Record set below:

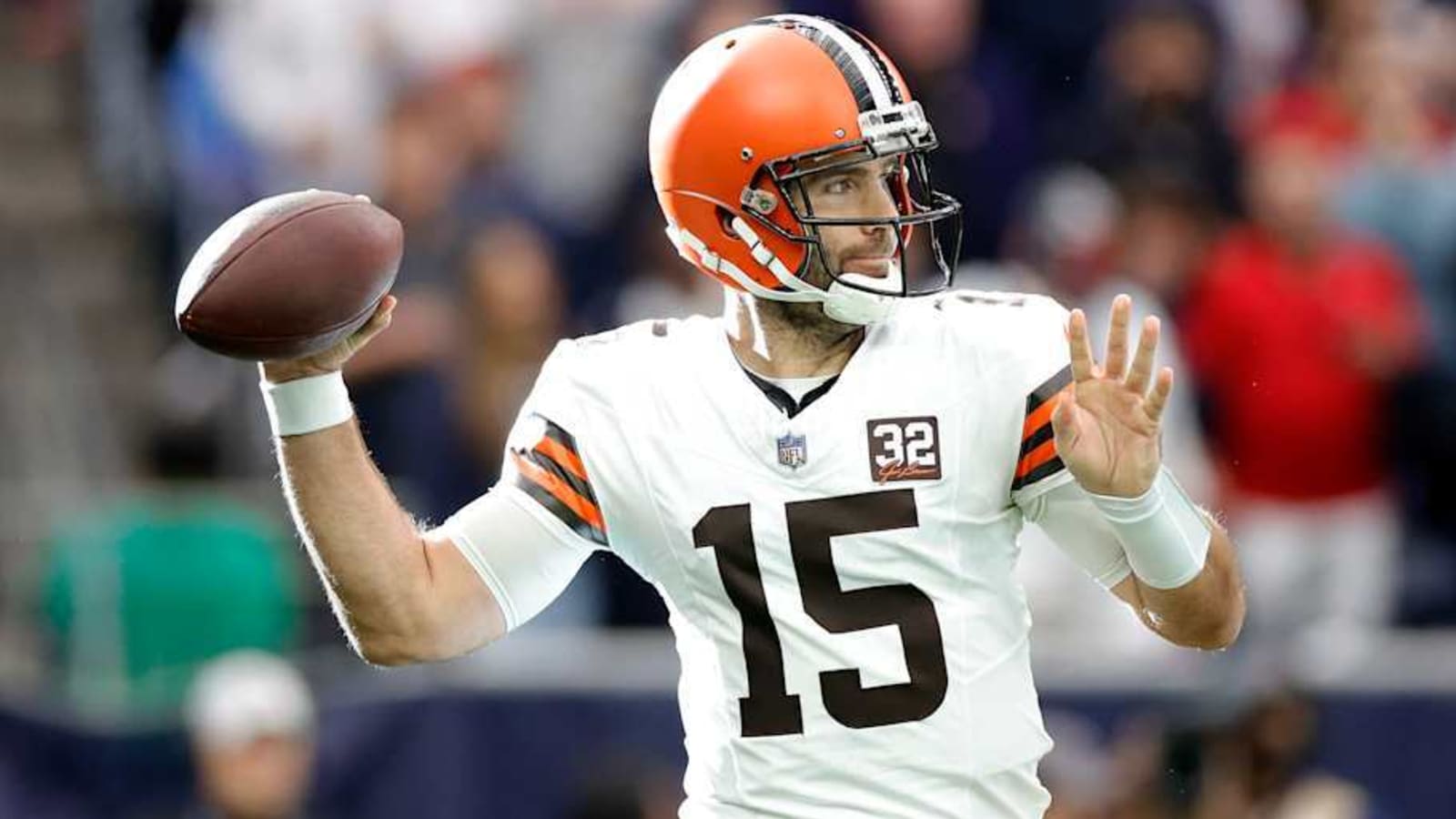 Former Ravens legend runs it back with a QB room on life support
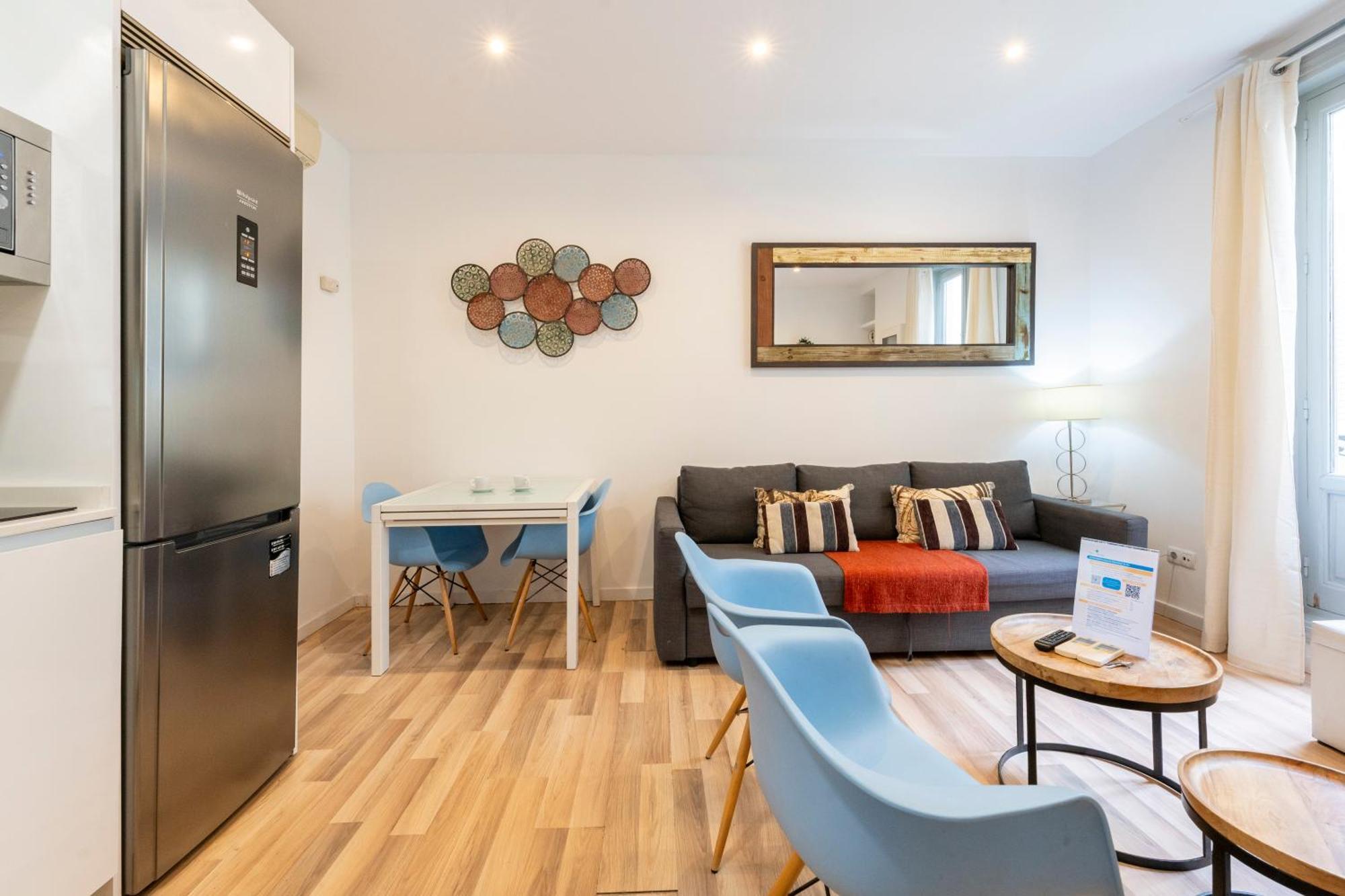 For Puerta Del Sol Temporal Pre10b Apartment *
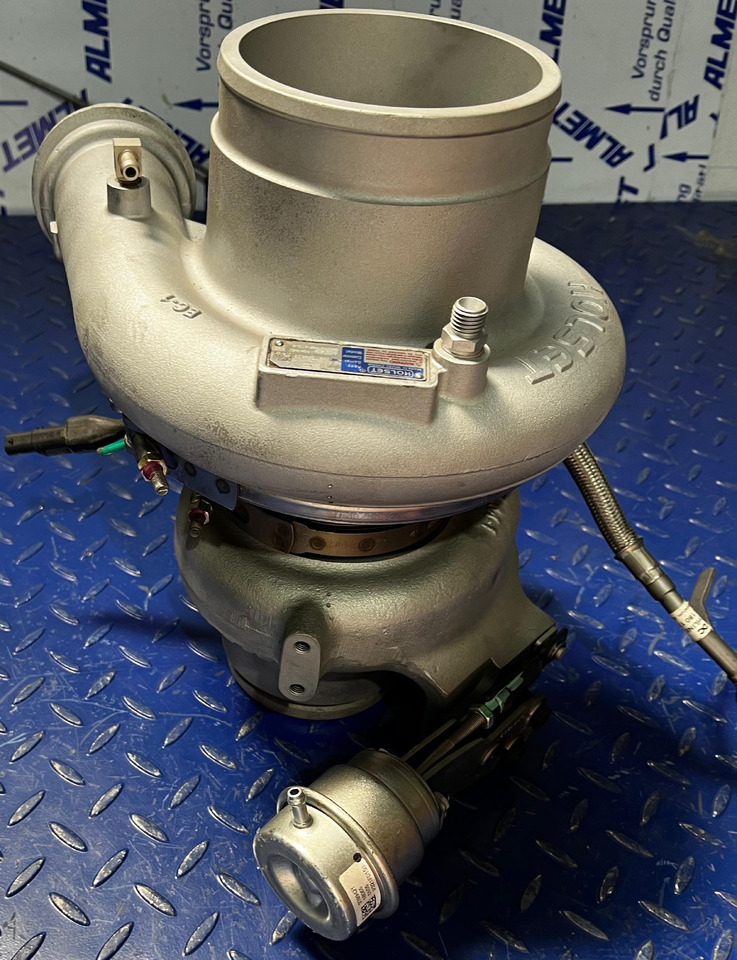 Mercedes Benz Turbocharger Actros MP4 A4730961999 - الشاحن التوربيني - شاحنة: صور 4 Mercedes Benz Turbocharger Actros MP4 A4730961999 - الشاحن التوربيني - شاحنة: صور 4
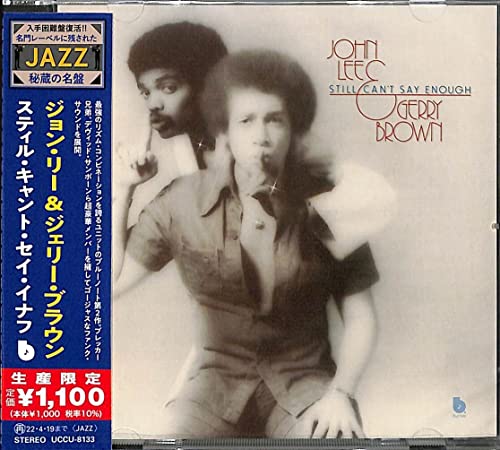 Still Can't Say Enough Still Can't Say Enough von Universal Japan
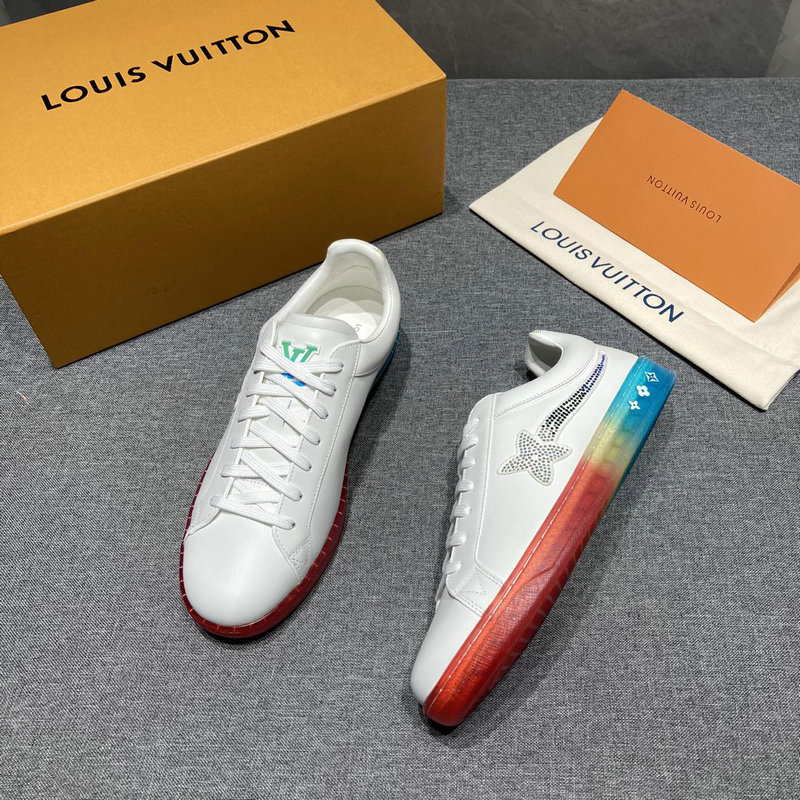 FASH LOUIS VUITTON Shoes 2201PZ0008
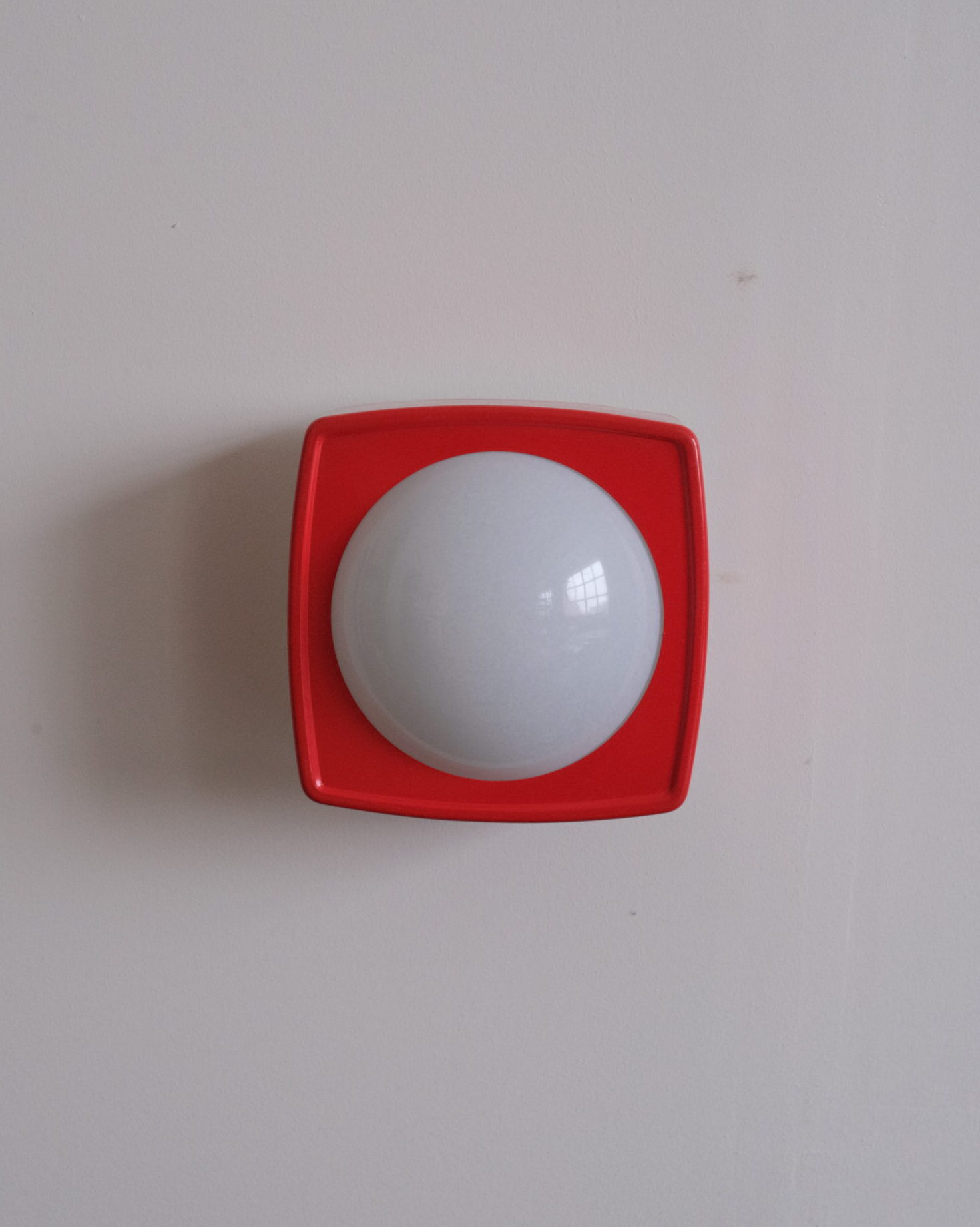 Wall/ceiling lamp | Space age wall
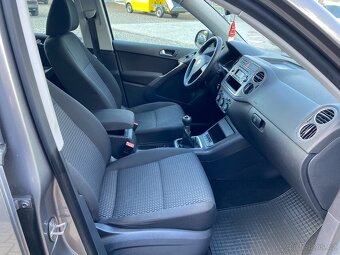 Volkswagen Tiguan, 2.0TDI 103kW- CLIMATRONIC -4x4 - 19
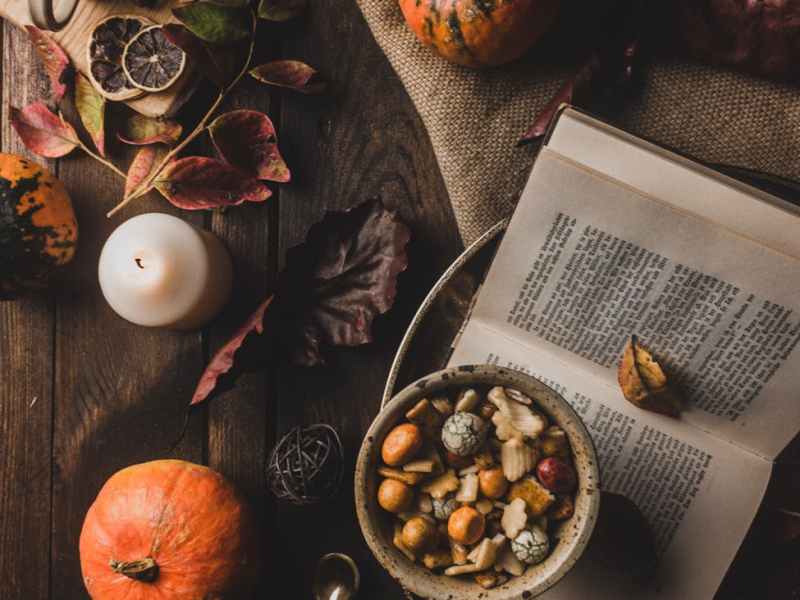 How to Transition Your Home for Fall: Cozy Touches That Support&nbsp;Wellness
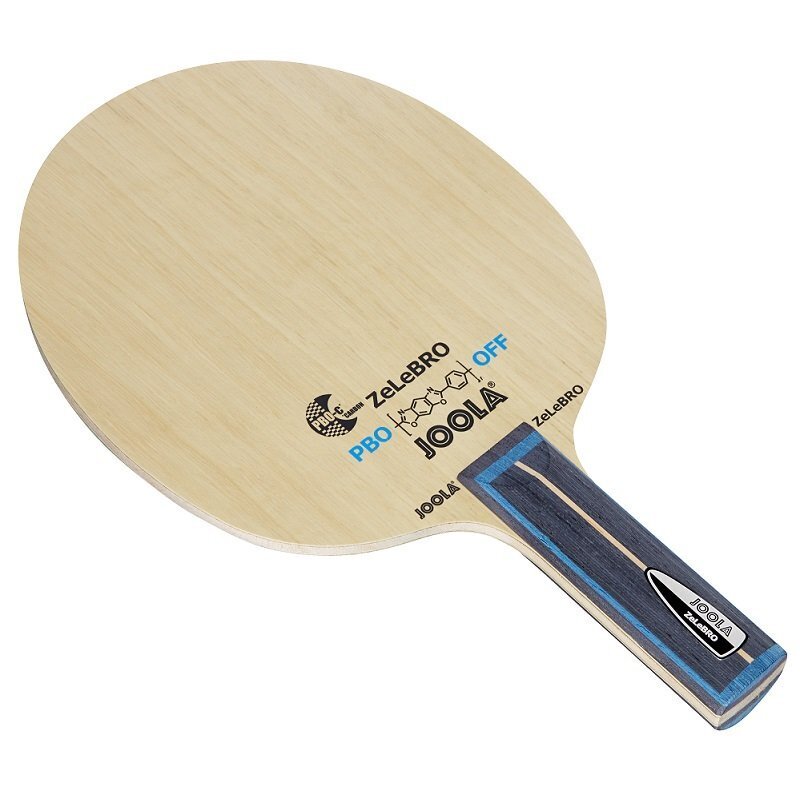 JOOLA ZeLeBRO PBO-C table tennis paddle, photo 2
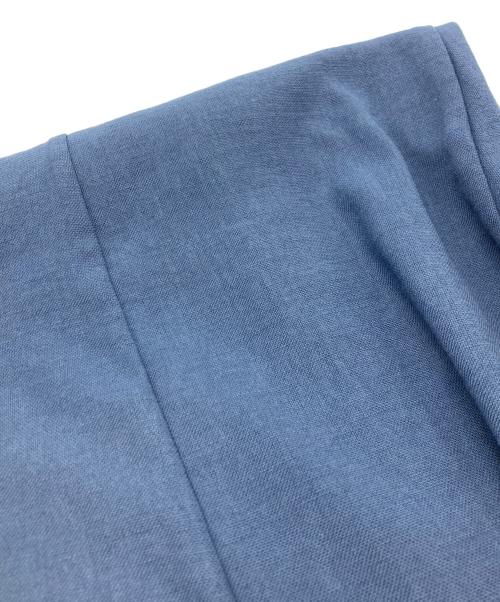 theory（セオリー）theory (セオリー) ノースリーブワンピース/セオリー/10-4105525 ブルー サイズ:2の古着・服飾アイテム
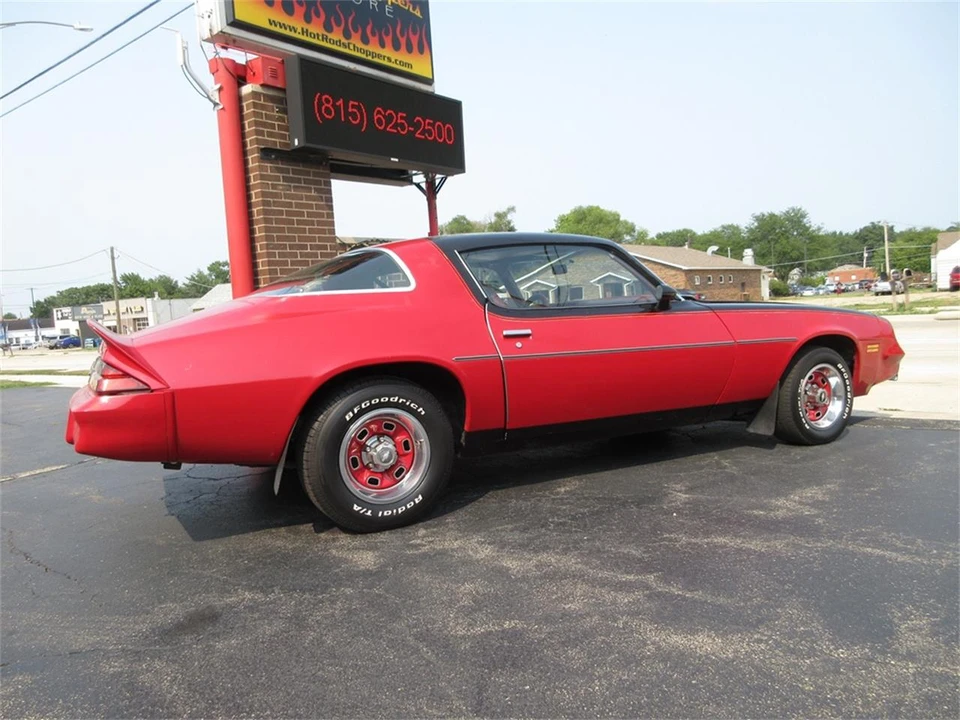1978 Chevrolet Camaro 2nd Gen - Image 9 of 31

End of Record set.

§ Your instructions
Please restate the entries word for word, with all pictures left out.

§ Response below
 Former Ravens legend runs it back with a QB room on life support
 For Puerta Del Sol Temporal Pre10b Apartment *
 Mercedes Benz Turbocharger Actros MP4 A4730961999 - الشاحن التوربيني - شاحنة: صور 4 Mercedes Benz Turbocharger Actros MP4 A4730961999 - الشاحن التوربيني - شاحنة: صور 4
 Still Can't Say Enough Still Can't Say Enough von Universal Japan
 FASH LOUIS VUITTON Shoes 2201PZ0008
 Wall/ceiling lamp | Space age wall
 Volkswagen Tiguan, 2.0TDI 103kW- CLIMATRONIC -4x4 - 19
 How to Transition Your Home for Fall: Cozy Touches That Support&nbsp;Wellness
 JOOLA ZeLeBRO PBO-C table tennis paddle, photo 2
 theory（セオリー）theory (セオリー) ノースリーブワンピース/セオリー/10-4105525 ブルー サイズ:2の古着・服飾アイテム
1978 Chevrolet Camaro 2nd Gen - Image 9 of 31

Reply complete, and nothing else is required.